Here is new patch using TAS_SPIN(), created by Manabu Ori from IBM
Japan. Also this patch deal with older Power architectures which do
not have "hint" argument of lwarx opcode.

According to him, the patch resulted in much better performance stock
git head.

Stock git head without patch:
pgbench -c 1 -j 1 -S -T 300    tps = 11360.472691 (including ...
pgbench -c 2 -j 1 -S -T 300    tps = 22173.943133 (including ...
pgbench -c 4 -j 2 -S -T 300    tps = 43397.331641 (including ...
pgbench -c 8 -j 4 -S -T 300    tps = 73469.073714 (including ...
pgbench -c 16 -j 8 -S -T 300   tps = 151094.270443 (including ...
pgbench -c 32 -j 16 -S -T 300  tps = 166752.637452 (including ...
pgbench -c 64 -j 32 -S -T 300  tps = 148139.338204 (including ...
pgbench -c 128 -j 64 -S -T 300 tps = 115412.622895 (including ...
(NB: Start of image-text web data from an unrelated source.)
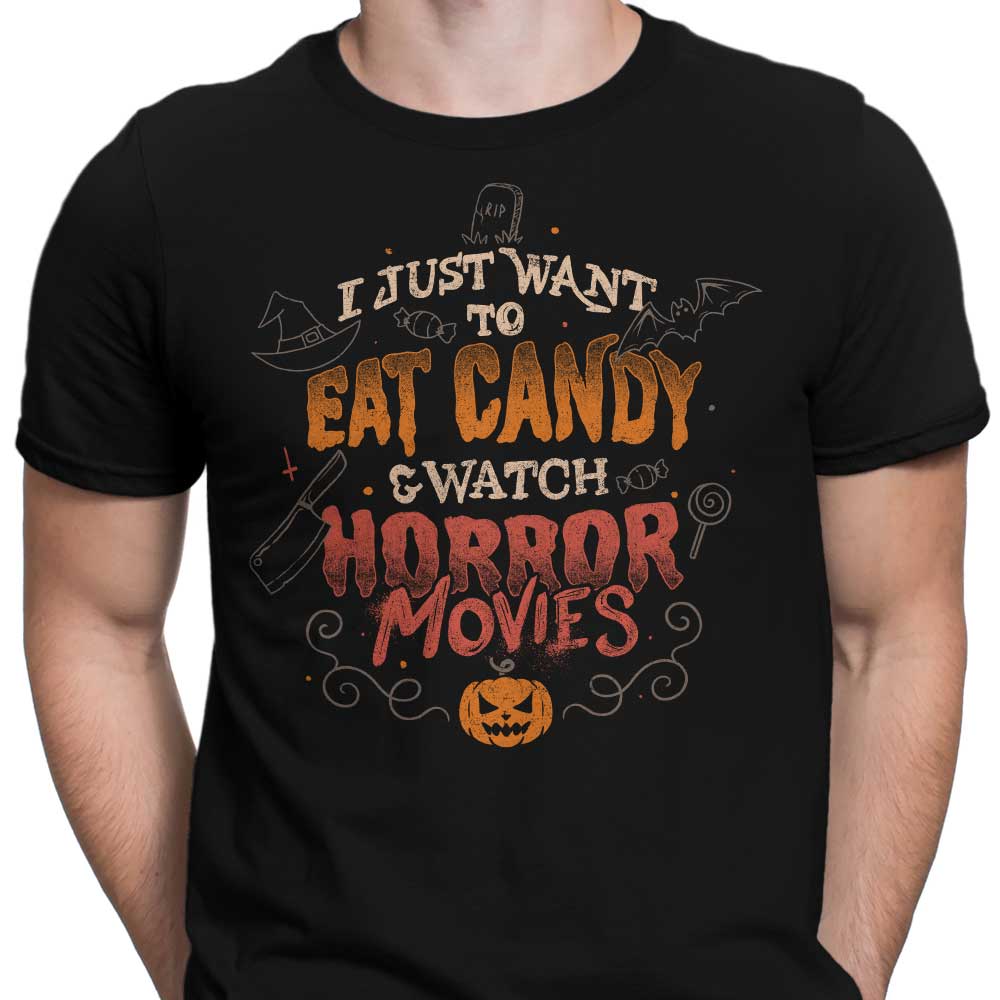 Candy and Horror Movies - Men's Apparel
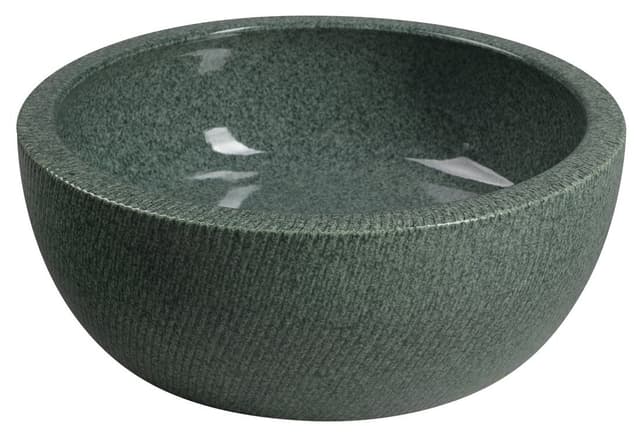 PRIORI umywalka ceramiczna nablatowa Ø 42 cm, zielony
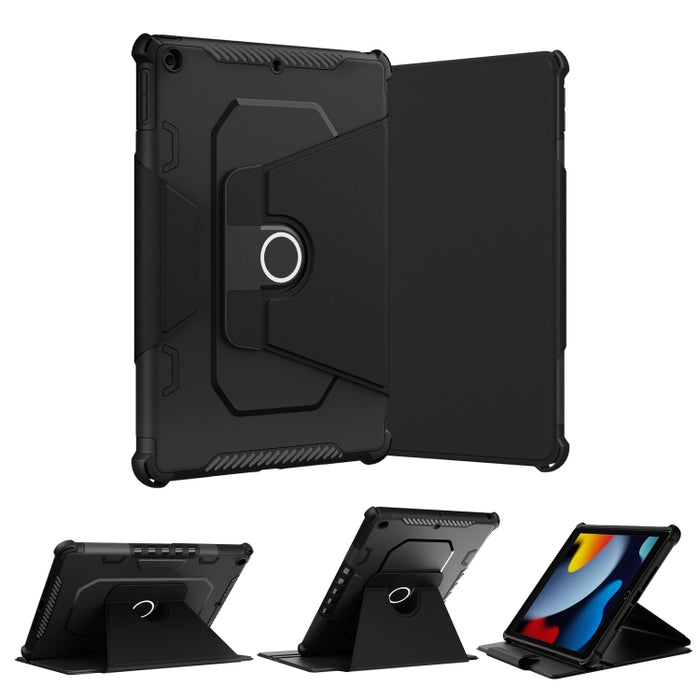 Estuche de cuero para tableta inteligente blindado giratorio de 360 grados, For iPad 9.7 2018/2017 / Air 1/Air 2, For iPad 10.2 2021, For Samsung Galaxy Tab A8 10.5 2021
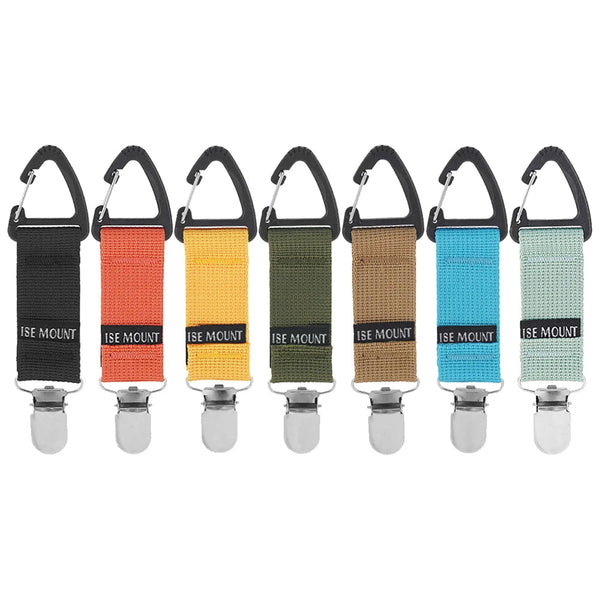 Outdoor travel straw hat clip multifunctional glove clip towel clip triangular ribbon buckle mountain buckle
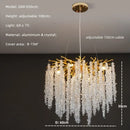 GobekUsa Crystal Tassel LED Branch Chandelier for Dining Room and Home Decor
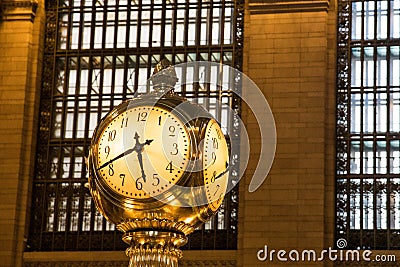 Closeup of clock in grand central station in new York Stock Photo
Stock git head with patch:
pgbench -c 1 -j 1 -S -T 300    tps = 11103.370854 (including ...
pgbench -c 2 -j 1 -S -T 300    tps = 22118.907582 (including ...
pgbench -c 4 -j 2 -S -T 300    tps = 42608.641820 (including ...
pgbench -c 8 -j 4 -S -T 300    tps = 77592.862639 (including ...
pgbench -c 16 -j 8 -S -T 300   tps = 150469.841892 (including ...
pgbench -c 32 -j 16 -S -T 300  tps = 267726.082168 (including ...
pgbench -c 64 -j 32 -S -T 300  tps = 322582.271713 (including ...
pgbench -c 128 -j 64 -S -T 300 tps = 273071.683663 (including ...

(Graph is attached)

Test environment:
Power 750 (32 physical cores, virtually 128 cores using SMT4)
mem: 256GB
OS: RHEL6.1 kernel 2.6.32-131.0.15.el6.ppc64
gcc version 4.4.5 20110214 (Red Hat 4.4.5-6)
PostgreSQL Git head (0510b62d91151b9d8c1fe1aa15c9cf3ffe9bf25b)
--
Tatsuo Ishii
SRA OSS, Inc. Japan
English: http://www.sraoss.co.jp/index_en.php
Japanese: http://www.sraoss.co.jp

Re: spinlocks on HP-UX

From

Heikki Linnakangas

Date:

28 December 2011, 16:19:08

On 28.12.2011 14:03, Tatsuo Ishii wrote:
>>> With help from IBM Japan Ltd. we did some tests on a larger IBM
>>> machine than Tom Lane has used for his
>>> test(http://archives.postgresql.org/message-id/8292.1314641721@sss.pgh.pa.us).
>>> In his case it was IBM 8406-71Y, which has 8 physical cores and
>>> 4SMT(32 threadings). Ours is IBM Power 750 Express, which has 32
>>> physical cores and 4SMT(128 threadings), 256GB RAM.
>>>
>>> The test method was same as the one in the article above. The
>>> differences are OS(RHEL 6.1), gcc version (4.4.5) and shared buffer
>>> size(8GB).
>>>
>>> We tested 3 methods to enhance spin lock contention:
>>>
>>> 1) Add "hint" parameter to lwarx op which is usable POWER6 or later
>>>    architecure.
>>>
>>> 2) Add non-locked test in TAS()
>>>
>>> 3) #1 + #2
>>>
>>> We saw small performance enhancement with #1, larger one with #2 and
>>> even better with #1+#2.
>>
>> Hmm, so you added the non-locked test in TAS()?  Did you try adding it
>> just to TAS_SPIN()?  On Itanium, I found that it was slightly better
>> to do it only in TAS_SPIN() - i.e. in the contended case.
>
> Here is new patch using TAS_SPIN(), created by Manabu Ori from IBM
> Japan. Also this patch deal with older Power architectures which do
> not have "hint" argument of lwarx opcode.
>
> According to him, the patch resulted in much better performance stock
> git head.

Impressive results.

config/c-compiler.m4 doesn't seem like the right place for the configure 
test. Would there be any harm in setting the lwarx hint always; what 
would happen on older ppc processors that don't support it?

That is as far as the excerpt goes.